**INSTRUCTIONS FOR THE TASK:**
Each line in the records below, from the one that contains "African-American man running" to the one that contains "Fragment of the", should be reproduced exactly, the first and last included.

**MATERIAL SHOWN:**
::::

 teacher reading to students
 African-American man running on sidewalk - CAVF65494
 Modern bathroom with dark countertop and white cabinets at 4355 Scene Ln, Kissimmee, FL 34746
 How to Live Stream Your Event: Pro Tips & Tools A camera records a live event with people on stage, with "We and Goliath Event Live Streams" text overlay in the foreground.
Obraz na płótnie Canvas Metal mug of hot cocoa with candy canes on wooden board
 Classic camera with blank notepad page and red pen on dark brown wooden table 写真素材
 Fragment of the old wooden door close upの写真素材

::::

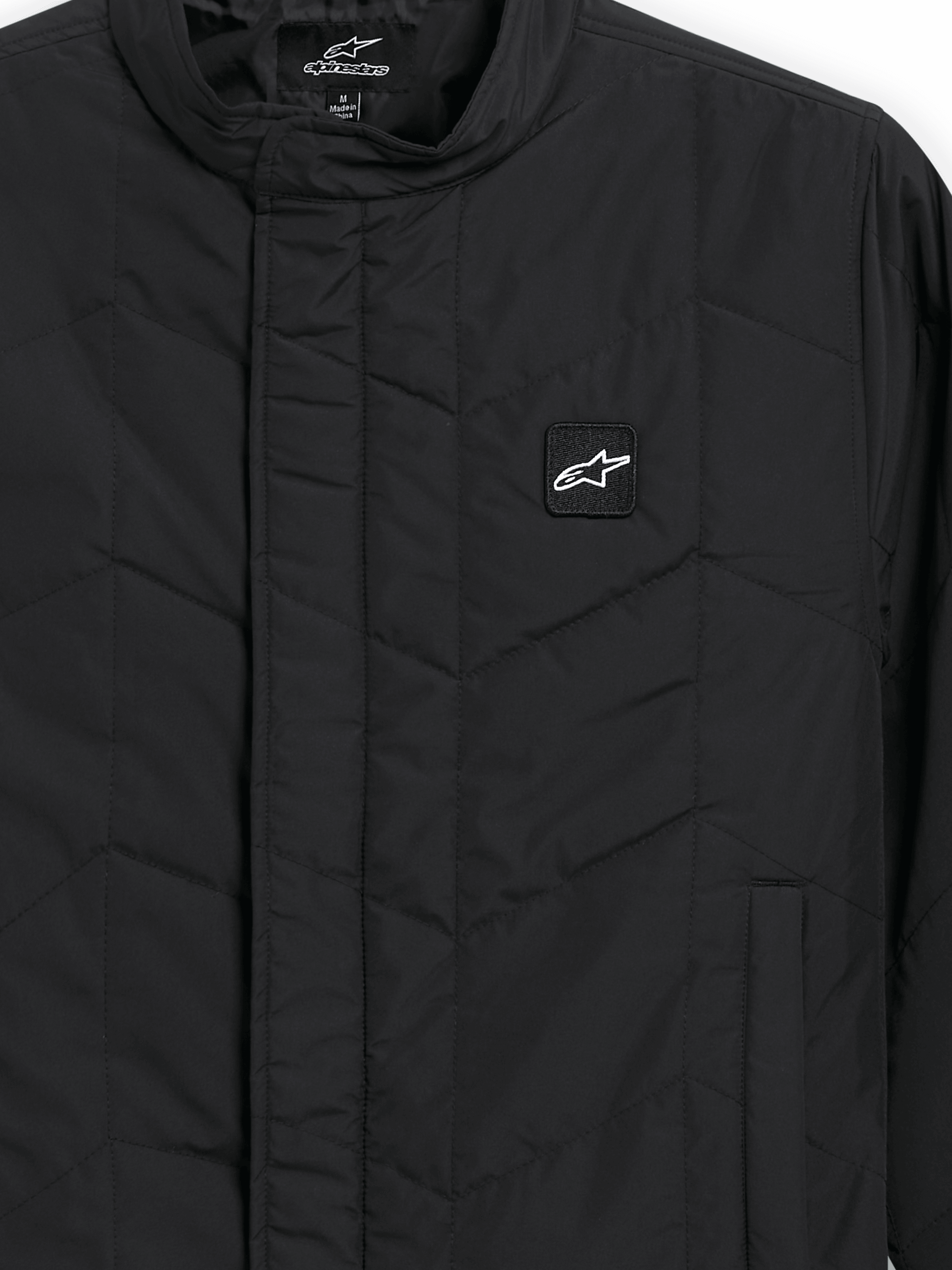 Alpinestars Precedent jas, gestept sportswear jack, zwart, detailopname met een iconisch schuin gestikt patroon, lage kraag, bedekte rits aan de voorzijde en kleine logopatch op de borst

::::

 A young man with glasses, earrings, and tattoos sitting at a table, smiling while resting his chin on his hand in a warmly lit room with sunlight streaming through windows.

::::

**ANSWER TO THE PROBLEM:**
 African-American man running on sidewalk - CAVF65494
 Modern bathroom with dark countertop and white cabinets at 4355 Scene Ln, Kissimmee, FL 34746
 How to Live Stream Your Event: Pro Tips & Tools A camera records a live event with people on stage, with "We and Goliath Event Live Streams" text overlay in the foreground.
Obraz na płótnie Canvas Metal mug of hot cocoa with candy canes on wooden board
 Classic camera with blank notepad page and red pen on dark brown wooden table 写真素材
 Fragment of the old wooden door close upの写真素材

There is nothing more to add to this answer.